Just as a side note: imho CURRENT_TIMESTAMP is preferred over NOW(), because it's part of the SQL-92 standard. btw: @jayS-de nice pic :)

guilhermeblanco commented 8 years ago

@Seldaek I quickly read your issue, and I promise to re-read and provide a more throughly comment later. We store the parameters together with the query because IN (:param) can be expanded into multiple IN (?, ?, ?), depending of the provided parameters. Sounds simple, but remember that a single parameter binding also may be reused multiple times in the same query too (like WHERE u.email = :email OR u.username = :email).

Seldaek commented 8 years ago

@maglnet @jayS-de if you don't wanna be helpful, don't feel like you have to answer :) Both CURRENT_TIMESTAMP and NOW() can not be used within doctrine (at least without defining new query type stuff, which I am not gonna waste my time on when using date() works fine..).

@Ocramius @guilhermeblanco I still think if you specify a key it should just take it without overriding it with this real cache key, because otherwise AFAIK there is no way to use the cache key to "suppress" one of the query's parameters like I was trying to do with the date. I didn't figure out a way to override the key as you say by using the QueryCacheProfile, but maybe I missed smth.

Anyway I fixed it by handling caching myself now as you can see in https://github.com/composer/packagist/blob/29017b6d041619de1435864796c665ac7912efcf/src/Packagist/WebBundle/Entity/VersionRepository.php#L102

Not an issue for me anymore, I definitely learned my lesson, but for others to avoid WTFs I think the cache key param should be deprecated if it can't be fixed or at least the docs should clearly say that specifying it is discouraged and that it does not have any actual effect on caching it's just used for grouping real cache keys together, which lets you blast the cache by name I guess, but also means that cache operations get less efficient for that one cache key as all real cache keys are stored together within it.

jenschude commented 8 years ago

@Seldaek Okay have to admit, I didn't tried the snippet with doctrine.

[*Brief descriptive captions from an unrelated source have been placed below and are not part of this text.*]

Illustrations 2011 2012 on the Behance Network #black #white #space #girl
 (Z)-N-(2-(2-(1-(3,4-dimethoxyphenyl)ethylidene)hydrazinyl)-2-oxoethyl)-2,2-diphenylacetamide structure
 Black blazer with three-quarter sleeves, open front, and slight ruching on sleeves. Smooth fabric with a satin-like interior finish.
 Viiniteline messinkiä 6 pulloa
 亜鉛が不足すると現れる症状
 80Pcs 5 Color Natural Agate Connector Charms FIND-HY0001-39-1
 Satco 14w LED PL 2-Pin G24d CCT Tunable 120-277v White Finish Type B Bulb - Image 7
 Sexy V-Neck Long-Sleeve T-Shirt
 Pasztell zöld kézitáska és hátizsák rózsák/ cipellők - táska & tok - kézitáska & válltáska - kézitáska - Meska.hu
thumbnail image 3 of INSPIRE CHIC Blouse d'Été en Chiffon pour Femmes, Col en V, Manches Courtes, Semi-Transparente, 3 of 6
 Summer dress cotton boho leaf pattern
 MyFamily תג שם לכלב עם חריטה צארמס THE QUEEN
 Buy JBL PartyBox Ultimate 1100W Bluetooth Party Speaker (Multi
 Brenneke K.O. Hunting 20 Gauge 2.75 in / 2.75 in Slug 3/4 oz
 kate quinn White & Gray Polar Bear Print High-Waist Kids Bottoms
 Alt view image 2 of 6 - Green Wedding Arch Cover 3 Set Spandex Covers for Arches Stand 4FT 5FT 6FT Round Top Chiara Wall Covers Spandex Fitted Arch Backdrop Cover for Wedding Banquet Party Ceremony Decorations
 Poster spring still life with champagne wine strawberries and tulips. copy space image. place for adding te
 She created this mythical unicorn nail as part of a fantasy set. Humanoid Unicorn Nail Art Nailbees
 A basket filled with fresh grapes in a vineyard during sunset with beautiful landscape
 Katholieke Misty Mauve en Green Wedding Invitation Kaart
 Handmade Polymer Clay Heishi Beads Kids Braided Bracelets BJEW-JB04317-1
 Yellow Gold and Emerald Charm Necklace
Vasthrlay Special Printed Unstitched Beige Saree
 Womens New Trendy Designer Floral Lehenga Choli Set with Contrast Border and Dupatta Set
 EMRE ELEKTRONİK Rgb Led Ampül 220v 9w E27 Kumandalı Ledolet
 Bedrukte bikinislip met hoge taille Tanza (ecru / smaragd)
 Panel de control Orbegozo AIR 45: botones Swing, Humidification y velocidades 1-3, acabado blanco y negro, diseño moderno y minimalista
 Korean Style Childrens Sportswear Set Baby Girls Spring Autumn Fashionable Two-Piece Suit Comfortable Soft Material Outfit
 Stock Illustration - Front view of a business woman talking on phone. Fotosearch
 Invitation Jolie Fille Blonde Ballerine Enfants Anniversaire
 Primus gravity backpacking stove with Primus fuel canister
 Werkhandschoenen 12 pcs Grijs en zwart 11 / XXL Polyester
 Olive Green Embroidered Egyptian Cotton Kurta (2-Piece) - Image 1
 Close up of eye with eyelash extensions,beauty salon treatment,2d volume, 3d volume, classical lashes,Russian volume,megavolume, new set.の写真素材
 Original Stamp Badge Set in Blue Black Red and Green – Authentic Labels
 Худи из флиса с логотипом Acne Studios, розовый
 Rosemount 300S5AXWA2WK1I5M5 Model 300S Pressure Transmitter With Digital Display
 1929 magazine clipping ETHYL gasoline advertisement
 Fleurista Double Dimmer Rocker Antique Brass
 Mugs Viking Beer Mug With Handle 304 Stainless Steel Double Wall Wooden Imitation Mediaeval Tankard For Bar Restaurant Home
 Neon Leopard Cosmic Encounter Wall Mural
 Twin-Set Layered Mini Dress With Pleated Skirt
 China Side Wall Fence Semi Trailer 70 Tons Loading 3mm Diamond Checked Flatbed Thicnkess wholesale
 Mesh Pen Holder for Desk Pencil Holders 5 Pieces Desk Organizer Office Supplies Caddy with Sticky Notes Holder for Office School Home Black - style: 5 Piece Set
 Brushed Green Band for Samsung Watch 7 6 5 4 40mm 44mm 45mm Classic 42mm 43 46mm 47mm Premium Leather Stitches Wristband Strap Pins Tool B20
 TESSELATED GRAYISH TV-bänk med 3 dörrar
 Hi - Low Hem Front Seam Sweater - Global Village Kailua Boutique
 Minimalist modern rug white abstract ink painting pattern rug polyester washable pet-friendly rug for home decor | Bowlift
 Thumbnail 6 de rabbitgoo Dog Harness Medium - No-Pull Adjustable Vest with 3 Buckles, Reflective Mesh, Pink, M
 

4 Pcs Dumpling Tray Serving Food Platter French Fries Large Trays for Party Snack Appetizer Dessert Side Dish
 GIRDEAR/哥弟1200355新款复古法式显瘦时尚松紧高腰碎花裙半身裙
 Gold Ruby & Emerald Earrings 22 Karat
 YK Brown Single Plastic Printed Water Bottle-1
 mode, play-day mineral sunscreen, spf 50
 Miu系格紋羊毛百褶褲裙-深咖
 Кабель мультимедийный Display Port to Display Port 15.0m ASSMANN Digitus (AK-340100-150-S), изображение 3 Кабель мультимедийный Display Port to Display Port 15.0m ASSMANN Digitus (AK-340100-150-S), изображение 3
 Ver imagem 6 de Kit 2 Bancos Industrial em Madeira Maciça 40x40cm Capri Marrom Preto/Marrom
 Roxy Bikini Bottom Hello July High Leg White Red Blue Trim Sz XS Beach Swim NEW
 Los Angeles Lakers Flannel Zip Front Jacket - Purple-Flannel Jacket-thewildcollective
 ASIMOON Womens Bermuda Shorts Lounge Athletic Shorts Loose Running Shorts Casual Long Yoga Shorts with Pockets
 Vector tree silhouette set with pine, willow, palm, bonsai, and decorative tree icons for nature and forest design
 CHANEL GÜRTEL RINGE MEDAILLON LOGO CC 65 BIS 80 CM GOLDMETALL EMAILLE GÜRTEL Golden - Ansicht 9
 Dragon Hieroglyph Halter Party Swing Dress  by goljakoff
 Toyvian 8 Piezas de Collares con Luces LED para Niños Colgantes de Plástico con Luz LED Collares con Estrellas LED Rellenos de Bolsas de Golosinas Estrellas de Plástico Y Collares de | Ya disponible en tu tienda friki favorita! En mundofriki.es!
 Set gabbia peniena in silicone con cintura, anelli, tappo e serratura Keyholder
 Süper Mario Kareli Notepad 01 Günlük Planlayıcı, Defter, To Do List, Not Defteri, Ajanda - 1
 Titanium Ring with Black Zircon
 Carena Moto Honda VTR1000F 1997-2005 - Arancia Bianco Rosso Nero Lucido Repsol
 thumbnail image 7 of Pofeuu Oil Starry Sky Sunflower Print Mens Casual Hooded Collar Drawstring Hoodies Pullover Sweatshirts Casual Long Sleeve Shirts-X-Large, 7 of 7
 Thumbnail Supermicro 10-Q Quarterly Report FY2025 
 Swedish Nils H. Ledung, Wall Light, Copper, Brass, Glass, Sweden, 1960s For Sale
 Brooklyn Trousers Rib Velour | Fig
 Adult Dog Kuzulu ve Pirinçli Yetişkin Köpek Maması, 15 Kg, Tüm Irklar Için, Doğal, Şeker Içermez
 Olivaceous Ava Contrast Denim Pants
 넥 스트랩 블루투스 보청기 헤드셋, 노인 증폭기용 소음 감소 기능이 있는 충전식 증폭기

Tested it now and I see what was the problem. As Now is mysql specific, the doctrine query builder doesn't allows it to be used.

$qb->select('v')
            ->from('Packagist\WebBundle\Entity\Version', 'v')
            ->where('v.development = false')
            ->andWhere('v.releasedAt < CURRENT_TIMESTAMP()')
            ->orderBy('v.releasedAt', 'DESC')
            ->setMaxResults($count);

with CURRENTTIMESTAMP as suggested by magInet at least Doctrine don't complains and creates a valid SQL statement. `SELECT p0.name AS name0, p0.version AS version1, p0.description AS description_2 FROM packageversion p0 WHERE p0.development = 0 AND p0.releasedAt < CURRENTTIMESTAMP ORDER BY p0.releasedAt DESC LIMIT 10`

See also DQL Functions

Seldaek commented 8 years ago

Ah, I tried CURRENT_TIMESTAMP without ().. but anyway it's fixed.

jenschude commented 8 years ago

Yep. Only improvement would be, that you could use the doctrine result cache again.